Language is so wonderfully plastic. We can do with it what we will.
And we (thank goodness) do.
The eastern end of the Mediterranean Sea is an interesting place. It's the nexxus of several
different continents, and many different cultures. Dance plays a big role there. I opine that that's
because so many different cultures converged there, and a need to communicate arose, so people mimed
their expressions, and that mimery evolved into the sophisticated dance of the Greeks, Baltics,
Africans and Slavs. I figure instead of talking at each other, they all just danced at each other.
In many ways, it makes much more sense to gesticulate and demonstrate, than to gutteralize abstract
sounds that might be meaningless to the hearer.
Language, schmanguage.

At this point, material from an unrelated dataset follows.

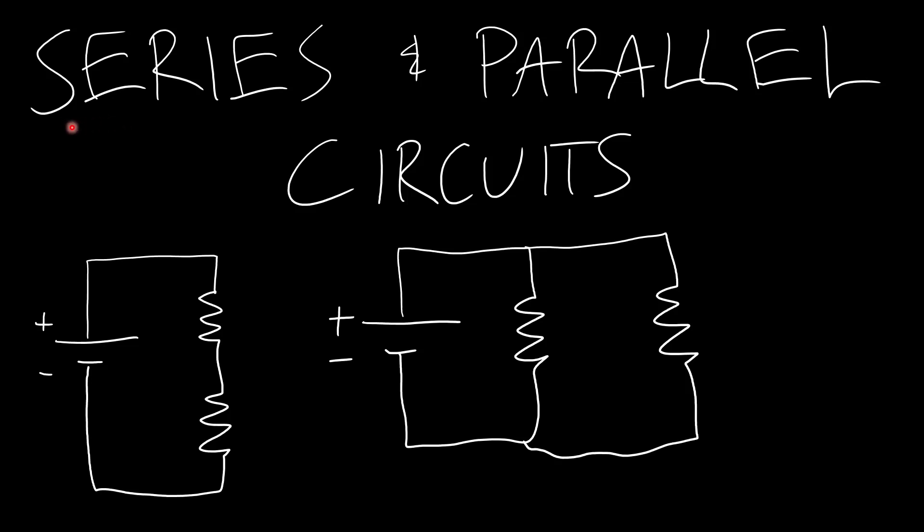In this video we will just be quickly covering some definitions for series and parallel circuits because we're going to be working with these a lot going forward.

Talk is cheap.
Nevertheless, Alice Cooper is a wonderful master of American English.
I wish I had a copy of "Lost In America" to blow the roof off this house, right now. But I don't.
Maybe that's a good thing.
Hey -- M'iss'ippi Fred McDowell -- "Ah do not play no rock'n roll, y'all; Ah just play de straight,
natch'l blues." He said he let the guitar do the talking for him. I used to channel his spirit, and
I got to become a fairly good guitar player in the process, but his Victorian values got disgusted
with my hedonistic ways. But we did cough-up a killer cover of Jimmy Reed's "Big Boss Man" (Ya just
tawlk, that's awll). So, because of my immoral improprieties, I'm not allowed to even pick up a
guitar any more. But for awhile, I was a flat-assed, white-guy Robert Johnson. Now /there's/ a guy
who could wield language. His "Milk Cow Blues" is still such a heart-rending, plaintive plea. And
/nobody/ has ever been able to credibly cover that song, since. Maybe Rory Gallagher could've, but
as far as I know, he never attempted it. Robert Johnson's ghost is probably possessing some other
poor kid, now.
Language, schmanguage.
Anybody can say a bunch of razmatazz about Greek vases and St Agnes, or St Swithin, or Chapman's
translation of some somniferently tedious Readers' Digest story.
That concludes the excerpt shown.